Em relação ao ensino
universitário, uma Associação para o Desenvolvimento da Educação e Cultura Árabe,
apoiada por grupos de amigos no exterior, apresentou uma solicitação ao
Conselho Superior de Educação para que permita estabelecer uma Universidade
Árabe. A solicitação, contudo, foi rejeitada em virtude de que muito em breve
não haveria de faltar universidades no país. Porém, o Conselho tomou nota das
dificuldades existentes para estudantes árabes na transferência do colégio
secundário para a Universidade e recomendou a revisão das condições de admissão
desses estudantes. O Conselho também determinou que o número de estudantes
árabes nos programas preparatórios pré-universitários fosse consideravelmente
aumentado e que a possibilidade desses estudantes frequentarem outras
instituições de educação superior, seja devidamente examinada.

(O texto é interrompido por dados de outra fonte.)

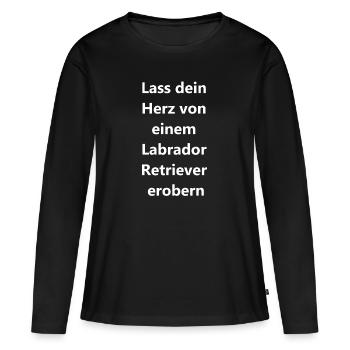 Liebesbeweis für Hundefreunde - Frauen Premium Bio Langarmshirt - Schwarz - Vorne - Julia (174cm)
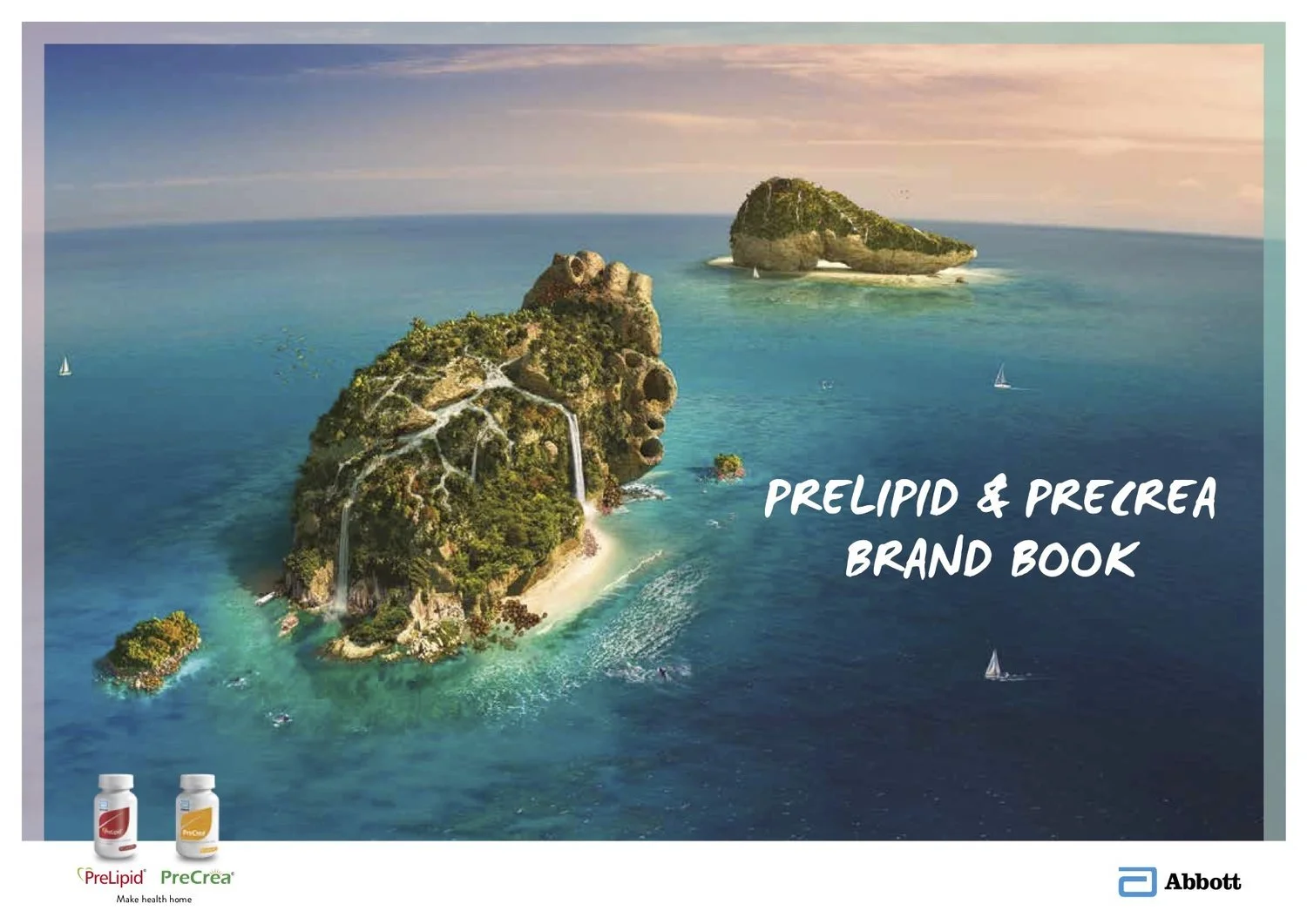 3D rendered island resembling a human heart, symbolizing cardiovascular health in a pharmaceutical campaign for Abbott’s Prelipid and PreCrea.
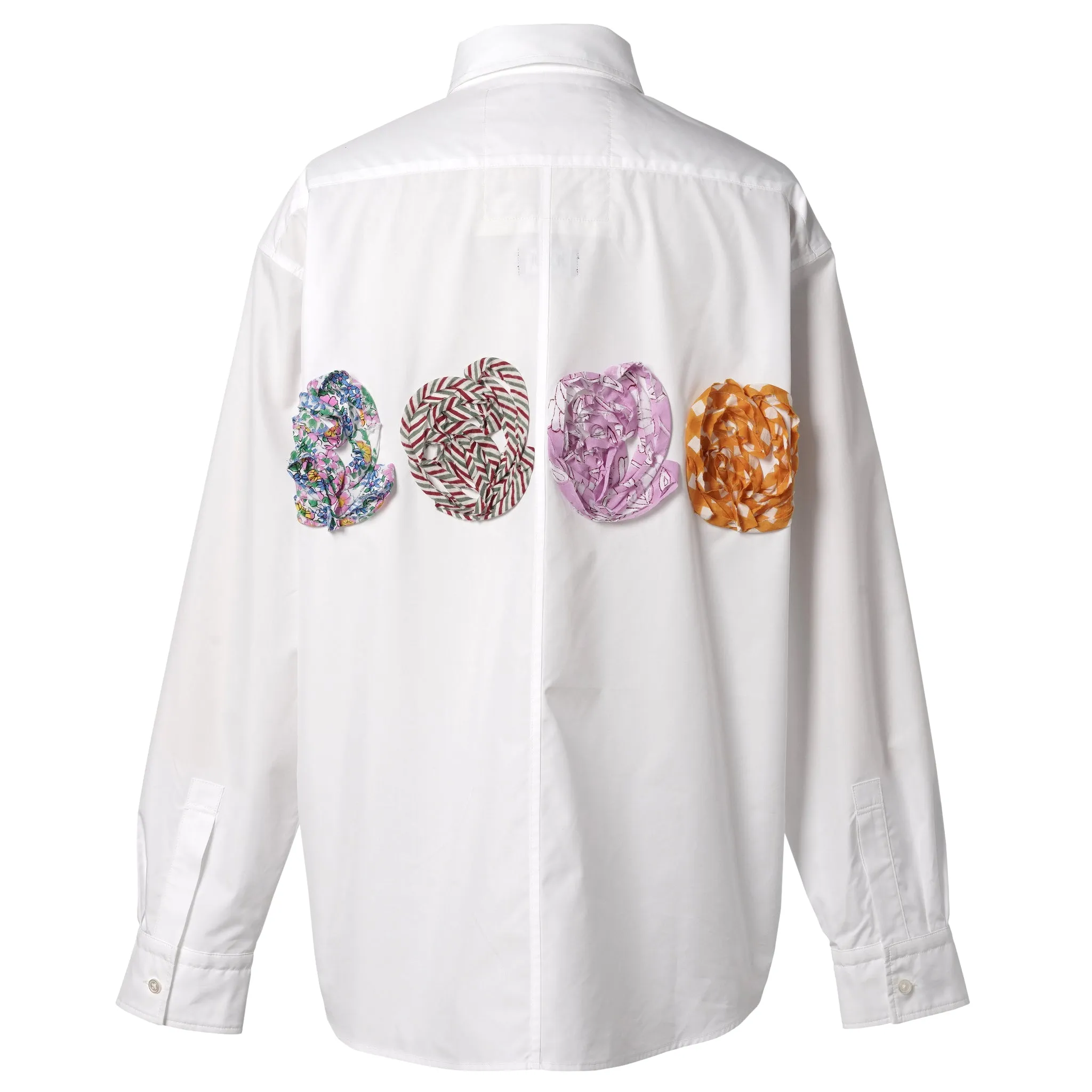 BLOCK PRINT FLOWER SHIRTS / WHITE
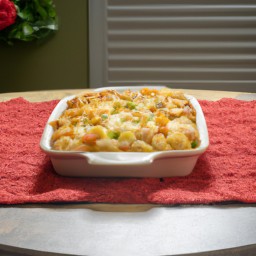 

This gluten-free, egg-free, nut-free and soy-free no meat tater tot casserole is a flavourful side dish made with onions, cream of celery soup, tater tots and cheddar cheese.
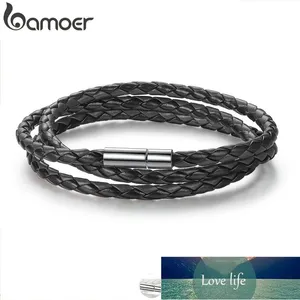 BAMOER 6 Color Wholesale Long Chain Adjustable Magnet Buckle Unisex Leather Bracelets for Women and Men Fashion Jewelry PI0063 Factory price expert design Quality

Em suma, o tratamento dado à
minoria árabe por Israel, embora criticada, e às vezes tachada de
discriminatória, não é uma questão tão simples assim. Em consequência dos
constantes conflitos com os países árabes, principalmente com os povos
palestinos, torna-se, se não impossível, pelo menos improvável uma radical
mudança nas leis referentes a essa minoria. Por exemplo, os árabes exigem maior
participação no mercado de trabalho, porém, ocorre que a maior parte das
indústrias israelenses está de algum modo ligada ao exército, de maneira que, a
depender de determinado cargo que um árabe venha ocupar nesta indústria,
haveria possibilidade de se descobrir “segredos” os quais, em posse de
fundamentalistas islâmicos, poderiam ser fatais para a nação de Israel.
CONCLUSÃO
A criação do Estado de Israel foi
o resultado de uma ação política baseada nos ideais do Sionismo, mediante a
Organização Sionista Mundial, movimento voluntário de alcance universal. A
formação de Estado Judeu reconhecido internacionalmente foi a principal
pretensão dos sionistas, porém, não foi a única. O programa sionista, que
Theodor Herzl delineara em seu livro O
Estado Judeu, incluía, além dos elementos sociais e demográficos, um
componente preponderante: a união étnica, cultural e religiosa do povo judeu.
Em suma, ao que parece, a única
aspiração sionista verdadeiramente concretizada foi a construção de um Estado
Judeu. No mais, não há unidade religiosa absoluta, e os que não são religiosos vivem sob
a égide dos ditames de pequenos partidos ortodoxos, que a cada dia tem seu pode
aumentado; não houve a grande reunião do exílio, pois a maioria dos judeus
ainda vive dispersa, e o próprio Estado depende deles financeiramente; também
não há unidade étnica, sendo a minoria árabe uma prova cabal dessa realidade, e
o maior sonho dos sionistas, a paz, parece cada vez mais distante, devido,
principalmente, a existência daqueles que, para os sionistas, eram ignorados,
ou seja, a minoria árabe. A paz, a liberdade e a unidade em Israel existem,
portanto, apenas em sonho... O sonho de Herzl continua sendo apenas um sonho: “Creio que os judeus sempre terão inimigos,
como qualquer outra nação. Mas, quando estiverem radicados em sua própria
terra, jamais poderão ser dispersos pelo mundo inteiro... O mundo se libertará
com nossa liberdade, se enriquecerá com nossa riqueza e se engrandecerá com
nossa grandeza. E aquilo que ensaiamos em benefício próprio terá efeitos
poderosos e felizes em prol de toda a Humanidade”.
---
Referências Bibliográficas:
1. Revista Rumbos - Nª 11 - Deciembre de 1984. Organização Sionista
Mundial, Jerusalém;
2.Theodor Herzl. O Estado Judeu. Consulado Geral de
Israel em São Paulo, 49ª Edição, 1997.